I’m sorry, because this girl sounds kind of awful and it almost sounds easier to just kick her out and end your friendship, but she is currently your bridesmaid and you need to be accomodating.  If this was your dirt poor best friend telling you 250$ was too expensive, I’m sure you’d have a different reaction.  I think it’d be very easy to find an Etsy seller to make this dress for 150$.  

I’d politely give her an exit.  Tell her you’ll find another dress and that you’d truly love for her to be in your bridal party, but you won’t be offended if she feels burdened with all the expenses and wants to bow out.  But it’s ultimately her call.     

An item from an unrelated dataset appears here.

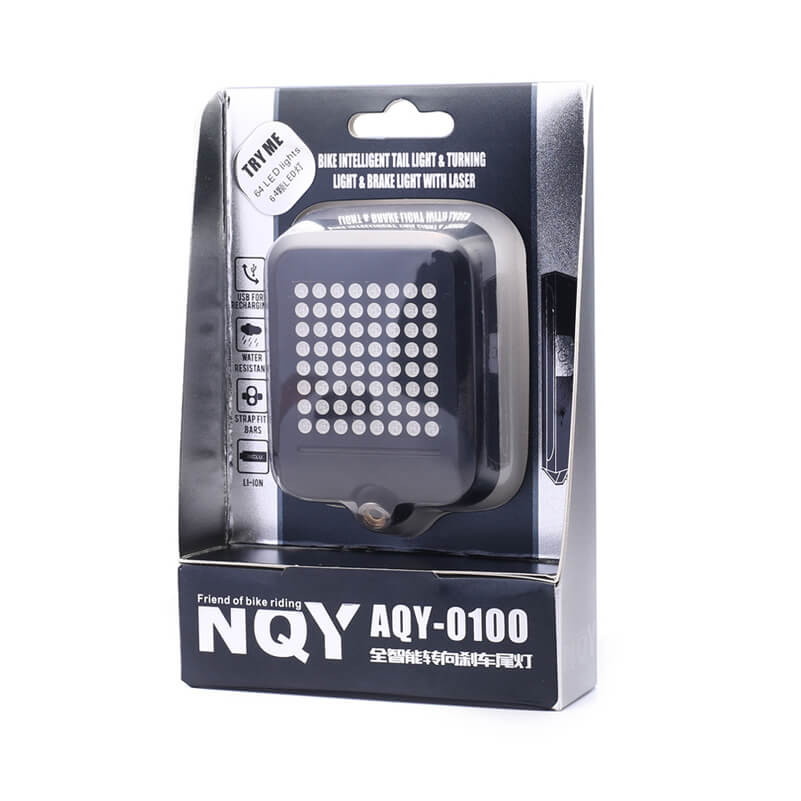 Laser Bicycle Tail light USB MTB Bike Automatic Turn Signals Safety Warning Light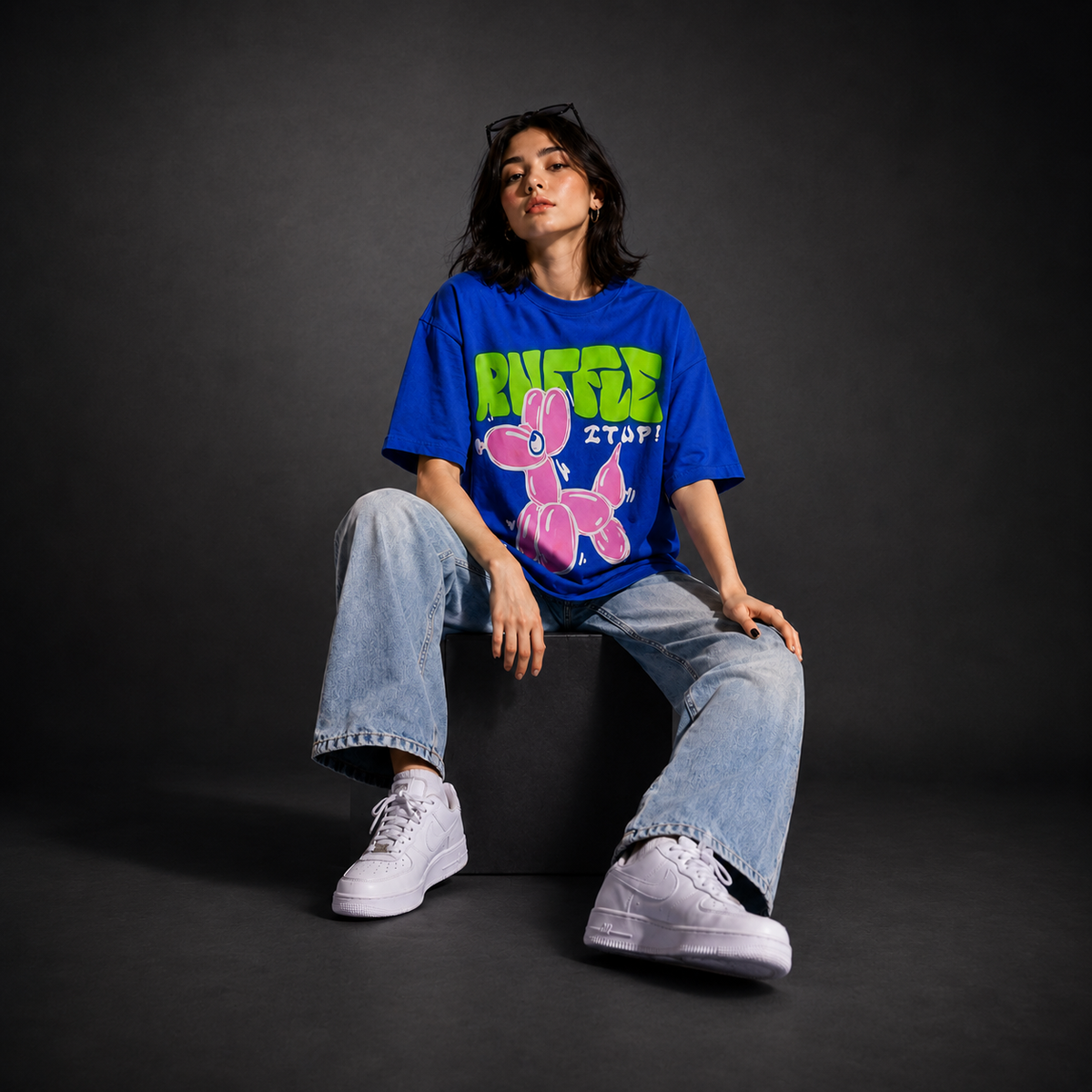 Blue Balloon Graphic Oversized T-Shirt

Edit: I don’t want to be harsh, but when you allowed this lady to be your bridesmaid, you accepted certain responsibilities and obligations towards her.  

Post # 7
Member
1202 posts
Bumble bee
  • Wedding: March 2014

liameowchelle:  I understood the J. Crew dress is 250$ and that you are splitting the cost 125$ each.  But if you bought an Etsy dress for 150$, you could still pay 125$ and your bridesmaids would only have to pay 25$, or you could split it evenly for 75$ each. 

I’m really not trying to be mean beause this girl sounds like a drag, but just because you didn’t really want her in your bridal party, doesn’t mean you can forgo the politeness a bride owes to her bridesmaids.

A  bridesmaid is supposed to be a girl you love.  A bridesmaid is supposed to be more important than a dress.  If you have the option between losing a bridesmaid and changing a dress, you’re supposed to change the dress.  It’s totally reasonable not to change your Vegas plans for her, but it’s not that big of a deal to get a non-descript chiffon dress from another soure, especially if she has to travel for your wedding.    

Edit: If you don’t want this lady to do more, than just tell her “No”.  My point is just that you said “Yes” to her and now you should accept the consequences.      

Post # 9
Member
42472 posts
Honey Beekeeper
  • Wedding: November 1999

liameowchelle:  I think you are being very fair. $125 is not much for a dress and there are ethical issues in choosing to have a Chinese replica dress maker (which many Etsy sellers are) copy the dress. It’s simply not realistic that most brides are going to find a BM dress for $25 or even $75.

Your situation is a good remonder to other Bees to think very carefully before you ask (or agree to have) someone to be in your bridal party. Someone who is demanding enough to invite herself to be a bridesmaid is sure to be demanding in other ways.

I would tell her” I have to treat all my bridesmaids the same, so I’m not able to pay more for the dress. If being a BM is a financial burden, I will understand if you choose to attend the wedding as a guest.”

 

 

Post # 10
Member
2203 posts
Buzzing bee
  • Wedding: June 2017

I was kind of split on this until you said your BM won’t give a budget for the dress.  How can you pick a dress if you don’t know how much you can spend?

I’m curious as to what her reasoning is that she can’t buy the dress but is willing to put on the rehearsal dinner, unless she’s expecting to just plan and be given money for that.

Post # 11
Member
2203 posts
Buzzing bee
  • Wedding: June 2017

liameowchelle:  Oh!  And just a quick FYI- it looks like the dresses are 25% off at J Crew right now, at least online.  If you still wanted to put $125 towards the dress, your BMs would only have to pay $63 plus shipping and tax, if applicable.

Post # 12
Member
7279 posts
Busy Beekeeper
  • Wedding: November 1999

$125 is reasonable for a BM dress. You need to stregthen your back bone and nip her expecations to be an event coordinater, now. What has being silent gotten you? this mess right here.